DOD blueprint details paperless contracting

The Defense Department has drafted a blueprint for achieving a paper-free contracting
process by 2000.

DOD has relied on labor-intensive paper methods to handle the writing, administration
and finances for contracts.

The department's buying process often involves the manual and repetitive input of data
from multiple sources across DOD.

Deputy Defense secretary John Hamre launched the latest effort to go paperless when he
was still DOD comptroller. In a May 21 memo, he directed the undersecretary of Defense for
acquisition and technology to develop a blueprint for a paper-free contracting process in
coordination with other DOD organizations.

The original due date for the blueprint was July 1. But the deadline slipped to July 25
to accommodate specific information on the department's existing contracting and financial

A team led by the Continuous Acquisition and Lifecycle Support Office drafted the
blueprint and sent it to Hamre for review.

But he has not yet approved the plan.

Hamre again expanded the scope of the initial effort to include DOD's logistics
organizations. The revised initiative now seeks to implement a paper-free acquisition
process by Jan. 1, 2000.

"This blueprint envisions a contracting environment that builds upon ongoing
electronic information initiatives and emerging technologies to ensure the integrity of
information as it is developed, managed and utilized throughout the contracting
lifecycle," the draft blueprint said.

The draft incorporates business process re-engineering initiatives such as purchase
cards, electronic catalogs, electronic commerce and imaging.

The CALS team that drafted the blueprint found that there were no known technical
barriers to implementing a paperless contracting process throughout DOD.

"Of course electronic commerce is one of the key areas because it encompasses
electronic catalogs and doing business over the World Wide Web," said Ann Barnes,
chairwoman of the blueprint team. "This includes all of the electronic malls and
electronic bulletin boards that the services, the Defense Logistics Agency and the Defense
Information Systems Agency have stood up."

One of the electronic commerce initiatives highlighted in the draft blueprint is a
Defense Finance and Accounting Service program.
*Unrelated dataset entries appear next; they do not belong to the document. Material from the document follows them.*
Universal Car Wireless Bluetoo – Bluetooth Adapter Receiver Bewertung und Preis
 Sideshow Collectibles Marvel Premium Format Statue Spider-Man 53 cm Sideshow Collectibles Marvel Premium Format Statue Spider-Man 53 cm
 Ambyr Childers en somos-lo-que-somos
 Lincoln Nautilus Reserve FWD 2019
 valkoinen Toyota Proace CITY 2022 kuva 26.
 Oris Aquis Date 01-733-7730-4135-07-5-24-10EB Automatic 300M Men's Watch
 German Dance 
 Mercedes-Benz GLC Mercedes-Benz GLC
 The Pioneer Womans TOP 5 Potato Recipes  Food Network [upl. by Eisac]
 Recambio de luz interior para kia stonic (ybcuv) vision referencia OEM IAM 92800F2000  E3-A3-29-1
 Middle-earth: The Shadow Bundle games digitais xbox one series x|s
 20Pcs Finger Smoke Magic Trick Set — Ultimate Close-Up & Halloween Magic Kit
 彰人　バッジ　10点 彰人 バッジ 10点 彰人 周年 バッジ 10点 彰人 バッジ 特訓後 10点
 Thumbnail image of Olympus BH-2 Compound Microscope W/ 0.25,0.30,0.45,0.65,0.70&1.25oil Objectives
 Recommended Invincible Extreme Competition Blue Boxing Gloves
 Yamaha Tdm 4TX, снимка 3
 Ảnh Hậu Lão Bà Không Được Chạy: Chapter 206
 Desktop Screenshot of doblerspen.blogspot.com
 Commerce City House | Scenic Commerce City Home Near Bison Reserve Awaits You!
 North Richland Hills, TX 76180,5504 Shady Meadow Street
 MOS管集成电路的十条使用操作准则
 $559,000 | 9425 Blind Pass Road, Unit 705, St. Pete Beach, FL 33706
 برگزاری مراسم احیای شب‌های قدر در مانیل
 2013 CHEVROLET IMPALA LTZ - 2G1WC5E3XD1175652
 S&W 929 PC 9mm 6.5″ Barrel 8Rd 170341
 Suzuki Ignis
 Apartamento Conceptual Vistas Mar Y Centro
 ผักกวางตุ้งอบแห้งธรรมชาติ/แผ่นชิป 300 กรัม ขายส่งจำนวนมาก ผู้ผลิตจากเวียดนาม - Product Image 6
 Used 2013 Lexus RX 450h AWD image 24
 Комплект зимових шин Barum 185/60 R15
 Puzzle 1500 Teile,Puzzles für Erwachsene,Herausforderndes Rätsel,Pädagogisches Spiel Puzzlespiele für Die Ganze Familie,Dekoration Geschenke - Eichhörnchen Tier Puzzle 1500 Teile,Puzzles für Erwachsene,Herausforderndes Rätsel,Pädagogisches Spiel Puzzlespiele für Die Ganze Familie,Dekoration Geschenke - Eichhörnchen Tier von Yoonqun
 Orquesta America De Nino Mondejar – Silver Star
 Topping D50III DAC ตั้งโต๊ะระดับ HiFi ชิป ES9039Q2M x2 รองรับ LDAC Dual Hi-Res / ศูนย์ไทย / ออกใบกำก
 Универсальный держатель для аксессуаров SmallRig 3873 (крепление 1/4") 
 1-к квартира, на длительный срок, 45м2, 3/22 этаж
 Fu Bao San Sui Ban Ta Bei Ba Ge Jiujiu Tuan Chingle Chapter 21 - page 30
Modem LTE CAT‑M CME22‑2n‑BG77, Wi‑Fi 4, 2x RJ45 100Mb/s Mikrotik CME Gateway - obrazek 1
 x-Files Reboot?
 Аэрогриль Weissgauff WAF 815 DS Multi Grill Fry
DFAS' Electronic Document Access project
lets DOD users share contract documents via the Internet.

Several DOD procurement systems are using EDA--including the Navy's Integrated
Technical Item Management Procurement System and the Army's Procurement Automated Data and
Document System--for vendor payments and contracts administered by the Mechanization of
Contract Administration Services.

DOD offices now handle about 22 percent of MOCAS payments using electronic documents
available on EDA. Other Defense agencies are testing EDA and incorporating it into their
computer systems.

DOD officials said a paper-free contracting environment will increase electronic
commerce, cut procurement lead times, help with late contract payments and decrease
unmatched disbursements.

"When executed and managed, this electronic contracting environment will allow
global, secure access to contractual and financial information for all functional areas of
the DOD procurement process," the draft blueprint said.

The new contracting process will comply with the Global Combat Support System, the
Defense Information Infrastructure Common Operating Environment, the Joint Technical
Architecture and statutory and DOD requirements for information protection.

The draft identified the state of automated systems and electronic interfaces within
the four functional areas of contract writing, administration, finance and auditing. There
are nine major and 10 minor DOD contracting systems and more than 198 financial systems
that provide contract payment.

The Air Force's Base Contracting Automated System and the Army's Standard Army
Automated Contracting System process data for about two-thirds of DOD procurements. But
DOD will replace all existing DOD procurement systems with the Standard Procurement System
at more than 800 contracting sites by 2000.

SPS merges DOD's two basic procurement functions: contract award and administration.
The system is designed to provide more timely responses to customer requests, permit more
cost-effective procurements, improve visibility of contract deliverables, reduce
procurement lead times and provide more accurate information.

DOD also plans to create a central data warehouse of contracting data using SPS to
eliminate manual data entry and ease information exchange in the acquisition process.